[[ Stored data, beginning ]]
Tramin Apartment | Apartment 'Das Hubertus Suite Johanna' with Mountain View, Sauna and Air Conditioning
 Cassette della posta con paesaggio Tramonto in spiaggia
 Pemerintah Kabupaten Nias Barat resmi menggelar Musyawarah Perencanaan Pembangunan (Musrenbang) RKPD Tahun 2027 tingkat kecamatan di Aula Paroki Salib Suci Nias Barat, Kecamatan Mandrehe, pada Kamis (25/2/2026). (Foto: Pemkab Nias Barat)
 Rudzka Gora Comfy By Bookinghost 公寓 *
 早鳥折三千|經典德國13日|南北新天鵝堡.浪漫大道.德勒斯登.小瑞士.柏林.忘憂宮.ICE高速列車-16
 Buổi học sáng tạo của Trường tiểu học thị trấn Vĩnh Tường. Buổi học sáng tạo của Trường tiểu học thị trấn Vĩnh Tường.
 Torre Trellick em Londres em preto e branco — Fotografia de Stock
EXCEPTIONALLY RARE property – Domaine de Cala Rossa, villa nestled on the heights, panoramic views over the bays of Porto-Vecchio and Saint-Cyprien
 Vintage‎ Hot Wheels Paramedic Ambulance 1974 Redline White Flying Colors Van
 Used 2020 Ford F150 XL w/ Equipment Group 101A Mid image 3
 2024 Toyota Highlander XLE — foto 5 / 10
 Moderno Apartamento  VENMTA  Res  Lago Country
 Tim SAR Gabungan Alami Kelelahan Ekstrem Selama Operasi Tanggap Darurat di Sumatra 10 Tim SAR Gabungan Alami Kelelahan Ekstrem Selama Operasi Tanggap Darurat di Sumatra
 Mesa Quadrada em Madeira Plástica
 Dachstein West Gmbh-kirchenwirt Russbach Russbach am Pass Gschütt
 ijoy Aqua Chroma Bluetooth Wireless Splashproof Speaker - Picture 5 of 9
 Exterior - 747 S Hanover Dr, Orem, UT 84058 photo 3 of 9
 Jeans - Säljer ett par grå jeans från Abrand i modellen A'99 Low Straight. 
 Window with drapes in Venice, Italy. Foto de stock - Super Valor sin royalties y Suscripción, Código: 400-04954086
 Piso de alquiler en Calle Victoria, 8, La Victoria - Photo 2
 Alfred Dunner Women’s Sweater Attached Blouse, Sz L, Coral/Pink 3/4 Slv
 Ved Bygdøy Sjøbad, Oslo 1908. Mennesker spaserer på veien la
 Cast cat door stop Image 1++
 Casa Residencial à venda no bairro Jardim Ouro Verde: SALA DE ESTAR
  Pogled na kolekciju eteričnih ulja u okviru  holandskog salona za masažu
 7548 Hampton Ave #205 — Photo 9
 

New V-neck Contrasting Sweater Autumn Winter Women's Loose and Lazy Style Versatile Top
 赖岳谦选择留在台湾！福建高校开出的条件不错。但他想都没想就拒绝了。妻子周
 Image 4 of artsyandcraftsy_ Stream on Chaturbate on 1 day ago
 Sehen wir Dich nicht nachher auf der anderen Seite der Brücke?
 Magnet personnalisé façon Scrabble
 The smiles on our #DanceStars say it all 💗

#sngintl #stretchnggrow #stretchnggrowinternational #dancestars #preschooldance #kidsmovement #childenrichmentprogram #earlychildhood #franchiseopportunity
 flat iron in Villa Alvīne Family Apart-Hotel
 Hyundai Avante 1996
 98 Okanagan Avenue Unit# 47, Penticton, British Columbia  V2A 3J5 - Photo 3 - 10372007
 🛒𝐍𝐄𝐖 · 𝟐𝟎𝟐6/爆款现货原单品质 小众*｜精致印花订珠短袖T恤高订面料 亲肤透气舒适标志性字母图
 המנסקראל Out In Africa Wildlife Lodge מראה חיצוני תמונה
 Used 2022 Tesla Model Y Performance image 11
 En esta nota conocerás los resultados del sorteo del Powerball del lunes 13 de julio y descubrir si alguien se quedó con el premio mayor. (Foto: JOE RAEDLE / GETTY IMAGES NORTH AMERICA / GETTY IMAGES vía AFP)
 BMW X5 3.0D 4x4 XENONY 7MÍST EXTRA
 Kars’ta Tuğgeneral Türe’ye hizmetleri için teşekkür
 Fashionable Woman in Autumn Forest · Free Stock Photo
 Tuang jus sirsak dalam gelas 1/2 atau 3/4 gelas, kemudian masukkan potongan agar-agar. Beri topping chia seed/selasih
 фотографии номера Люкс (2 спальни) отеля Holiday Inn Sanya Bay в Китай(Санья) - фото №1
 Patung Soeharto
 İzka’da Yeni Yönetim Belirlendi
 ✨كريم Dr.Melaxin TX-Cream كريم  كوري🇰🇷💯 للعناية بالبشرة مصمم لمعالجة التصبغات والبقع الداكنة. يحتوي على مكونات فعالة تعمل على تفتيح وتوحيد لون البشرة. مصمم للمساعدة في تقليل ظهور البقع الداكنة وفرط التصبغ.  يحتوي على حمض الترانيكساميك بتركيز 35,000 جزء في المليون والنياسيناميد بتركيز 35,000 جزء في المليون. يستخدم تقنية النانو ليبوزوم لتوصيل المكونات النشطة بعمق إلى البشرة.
[[ Stored data, end ]]
• [Requirement]:
Show every line of the listing in which the string "Women" can be found.

• [Solution]:
 Alfred Dunner Women’s Sweater Attached Blouse, Sz L, Coral/Pink 3/4 Slv
New V-neck Contrasting Sweater Autumn Winter Women's Loose and Lazy Style Versatile Top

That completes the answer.